The Political Ecology of Yoga

The study of yoga’s history in India is an inherently interdisciplinary exercise. Joseph Alter, professor of anthropology at the University of Pittsburgh, has written on yoga through the combined lenses of history, medicine, ecology, and cultural studies, creating a complex answer to the question of yoga’s popularity not only in India but worldwide.  The lecture was sponsored by the Davis Humanities Institute (DHI), Anthropology, the Middle East/South Asia Studies Program, Science and Technology Studies (STS), the Graduate Group in Religion, and South Asia Matters.

In his talk “Yoga as Nature Cure: Modernity, Medicine and the Political Ecology of Bodies,” Alter followed up on his previous work, such as The Wrestler’s Body (a study of traditional Indian wrestling practices and discourses of the body and health) and Ghandi’s Body (a discussion of the famous figure considering the junction of diet and politics).

Alter’s work on the political ecology of yoga takes into account both the culturally constructed nature of yoga as a social practice as well as the way in which yoga overlaps the ecology of the body with the ecology of the environment.

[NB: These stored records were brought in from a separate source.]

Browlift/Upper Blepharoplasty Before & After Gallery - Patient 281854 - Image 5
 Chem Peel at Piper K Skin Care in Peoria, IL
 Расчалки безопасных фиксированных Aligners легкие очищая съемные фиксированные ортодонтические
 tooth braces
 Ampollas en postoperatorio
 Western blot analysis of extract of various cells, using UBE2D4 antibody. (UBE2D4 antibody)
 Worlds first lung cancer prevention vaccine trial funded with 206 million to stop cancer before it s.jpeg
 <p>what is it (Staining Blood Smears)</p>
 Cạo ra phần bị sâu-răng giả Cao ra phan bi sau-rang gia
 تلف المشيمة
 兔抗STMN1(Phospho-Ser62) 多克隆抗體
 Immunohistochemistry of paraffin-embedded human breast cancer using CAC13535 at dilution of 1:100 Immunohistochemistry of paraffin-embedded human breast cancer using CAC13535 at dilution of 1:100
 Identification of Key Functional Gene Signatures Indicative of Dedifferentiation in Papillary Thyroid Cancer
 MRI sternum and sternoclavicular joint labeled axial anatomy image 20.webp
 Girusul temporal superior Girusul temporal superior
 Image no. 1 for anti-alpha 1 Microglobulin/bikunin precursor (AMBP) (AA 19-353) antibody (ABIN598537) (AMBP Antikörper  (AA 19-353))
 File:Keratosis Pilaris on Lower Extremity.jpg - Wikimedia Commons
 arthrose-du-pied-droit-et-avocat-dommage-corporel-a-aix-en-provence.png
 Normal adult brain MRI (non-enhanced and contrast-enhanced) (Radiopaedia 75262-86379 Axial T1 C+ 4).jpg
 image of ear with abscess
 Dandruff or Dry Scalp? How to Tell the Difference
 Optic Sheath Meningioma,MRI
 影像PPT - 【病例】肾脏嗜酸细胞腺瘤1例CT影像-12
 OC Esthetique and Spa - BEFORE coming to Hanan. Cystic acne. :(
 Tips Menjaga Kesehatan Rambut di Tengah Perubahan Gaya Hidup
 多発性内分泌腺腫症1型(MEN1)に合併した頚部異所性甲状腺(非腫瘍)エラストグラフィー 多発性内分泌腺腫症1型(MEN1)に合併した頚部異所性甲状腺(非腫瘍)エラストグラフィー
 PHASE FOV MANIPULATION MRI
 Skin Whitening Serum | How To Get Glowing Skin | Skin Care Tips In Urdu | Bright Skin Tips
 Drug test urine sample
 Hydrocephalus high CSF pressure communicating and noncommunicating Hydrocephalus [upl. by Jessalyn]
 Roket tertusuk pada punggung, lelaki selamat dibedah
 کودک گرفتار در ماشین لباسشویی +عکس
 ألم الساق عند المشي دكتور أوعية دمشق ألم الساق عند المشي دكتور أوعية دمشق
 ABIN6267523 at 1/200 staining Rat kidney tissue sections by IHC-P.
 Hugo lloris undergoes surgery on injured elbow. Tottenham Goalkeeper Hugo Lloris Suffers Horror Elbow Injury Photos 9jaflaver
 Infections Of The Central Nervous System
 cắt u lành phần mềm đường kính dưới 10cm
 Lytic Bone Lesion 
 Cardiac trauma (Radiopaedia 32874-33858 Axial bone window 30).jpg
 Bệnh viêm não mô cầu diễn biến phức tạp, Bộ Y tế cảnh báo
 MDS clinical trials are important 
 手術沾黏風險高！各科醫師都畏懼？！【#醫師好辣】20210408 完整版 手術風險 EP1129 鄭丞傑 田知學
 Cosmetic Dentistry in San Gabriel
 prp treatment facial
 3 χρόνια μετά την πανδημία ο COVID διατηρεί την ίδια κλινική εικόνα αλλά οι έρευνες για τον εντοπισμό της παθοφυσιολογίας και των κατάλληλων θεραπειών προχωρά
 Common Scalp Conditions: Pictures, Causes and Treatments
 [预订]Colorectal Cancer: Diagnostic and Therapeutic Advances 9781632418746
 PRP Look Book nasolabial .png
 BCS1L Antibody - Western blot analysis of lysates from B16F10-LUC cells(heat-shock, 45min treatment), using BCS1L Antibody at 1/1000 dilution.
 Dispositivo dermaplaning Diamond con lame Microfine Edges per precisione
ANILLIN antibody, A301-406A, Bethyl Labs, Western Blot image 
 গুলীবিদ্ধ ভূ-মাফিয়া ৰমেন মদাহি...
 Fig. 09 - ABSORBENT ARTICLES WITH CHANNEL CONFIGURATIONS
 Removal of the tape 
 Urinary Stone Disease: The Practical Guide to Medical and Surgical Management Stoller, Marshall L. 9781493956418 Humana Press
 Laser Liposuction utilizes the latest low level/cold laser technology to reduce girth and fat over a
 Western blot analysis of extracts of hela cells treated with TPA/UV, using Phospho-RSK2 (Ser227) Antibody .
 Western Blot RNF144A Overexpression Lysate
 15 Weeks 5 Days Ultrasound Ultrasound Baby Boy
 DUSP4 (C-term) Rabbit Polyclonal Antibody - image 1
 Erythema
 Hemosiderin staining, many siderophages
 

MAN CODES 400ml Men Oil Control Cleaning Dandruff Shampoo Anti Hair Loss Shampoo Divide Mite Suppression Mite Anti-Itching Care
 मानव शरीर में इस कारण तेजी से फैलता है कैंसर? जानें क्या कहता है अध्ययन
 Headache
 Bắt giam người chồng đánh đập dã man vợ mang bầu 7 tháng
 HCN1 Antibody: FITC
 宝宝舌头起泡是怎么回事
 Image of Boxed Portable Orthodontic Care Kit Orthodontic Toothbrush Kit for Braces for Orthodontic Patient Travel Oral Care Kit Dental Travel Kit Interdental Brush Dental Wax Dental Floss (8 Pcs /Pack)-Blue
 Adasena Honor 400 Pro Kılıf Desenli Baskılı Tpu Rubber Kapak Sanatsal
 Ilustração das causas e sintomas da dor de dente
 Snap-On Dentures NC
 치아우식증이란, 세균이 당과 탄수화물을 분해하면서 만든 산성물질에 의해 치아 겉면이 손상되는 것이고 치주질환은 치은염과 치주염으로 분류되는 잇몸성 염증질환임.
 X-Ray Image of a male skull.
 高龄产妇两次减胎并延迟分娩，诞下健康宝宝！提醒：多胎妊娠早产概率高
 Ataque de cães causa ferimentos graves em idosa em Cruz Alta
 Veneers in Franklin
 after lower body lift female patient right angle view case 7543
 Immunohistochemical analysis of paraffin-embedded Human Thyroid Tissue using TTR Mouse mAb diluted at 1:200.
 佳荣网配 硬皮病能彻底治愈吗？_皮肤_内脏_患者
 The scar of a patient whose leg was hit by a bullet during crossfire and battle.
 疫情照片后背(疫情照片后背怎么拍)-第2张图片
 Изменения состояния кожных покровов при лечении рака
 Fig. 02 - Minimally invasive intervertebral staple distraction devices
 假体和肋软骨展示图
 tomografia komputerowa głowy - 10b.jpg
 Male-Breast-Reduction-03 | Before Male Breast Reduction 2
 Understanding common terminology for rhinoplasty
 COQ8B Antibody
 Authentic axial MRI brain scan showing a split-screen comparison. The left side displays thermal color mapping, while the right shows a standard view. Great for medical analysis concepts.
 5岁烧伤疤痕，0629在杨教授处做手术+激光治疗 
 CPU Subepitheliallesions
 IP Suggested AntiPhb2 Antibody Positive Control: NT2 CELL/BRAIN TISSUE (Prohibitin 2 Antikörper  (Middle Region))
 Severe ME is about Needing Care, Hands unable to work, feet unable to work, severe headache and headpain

The concept of “health” in the contexts Alter discusses takes on a transcorporeal connotation by broadly locating the body in an environment in order to transform both body and environment.

“Yoga cannot be understood in terms of the logic of culture and embodied meaning…[it is] a form of social practice that makes sense in relation to larger problems of alienation, disillusionment, and health anxiety in society at large,” Alter explained.

Alter focused his discussion on the specific transition of yoga as cultural practice in India to yoga as a form of medicine and nature cure.

He locates this transition by discussing figures such as Kuppuswamy Iyer, a medical student who eventually turns to yoga and the idea of nature cure and becomes known as Swami Sivananda.

Yoga as it is known and practiced today is associated with Indian culture, but Alter’s work demonstrates its complicated, international development. The idea of a nature cure gets imported to India at the end of the nineteenth century from Germany, where diseases such as tuberculosis were ravaging cities and confounding doctors and citizens were consequently turning to the great, “clean” outdoors to try to find health.

The romanticism and idealism of nature cure found a natural home in parts of Indian culture, partly because the holistic quality of yoga as nature cure allowed postcolonial Indians to regain control over their own health from institutionalized, imperial medical practices.

Institutionalized medicine fragmented the body into concrete parts and posited treatment as only within the realm of specialized medical knowledge. Yoga and nature cure, on the other hand, placed healing power in the individual self.

Although Alter’s talk focused on these generally positive, self-empowering aspects of yoga, he also drew attention to the sorts of biases and injustices built into the practice during the question and answer period.

For instance, there has always been a tension between yoga as “open access” and available to everyone and yoga as privileging the knowledge of the elect few to allow the human to transcend, to become supernaturally powerful. Yoga in India in the middle of the twentieth century is also envisioned as a “hyper-masculine practice,” according to Alter. Sivananda, for instance, wrote his books on yoga and health in English to reach an emerging postcolonial middle class of men in India.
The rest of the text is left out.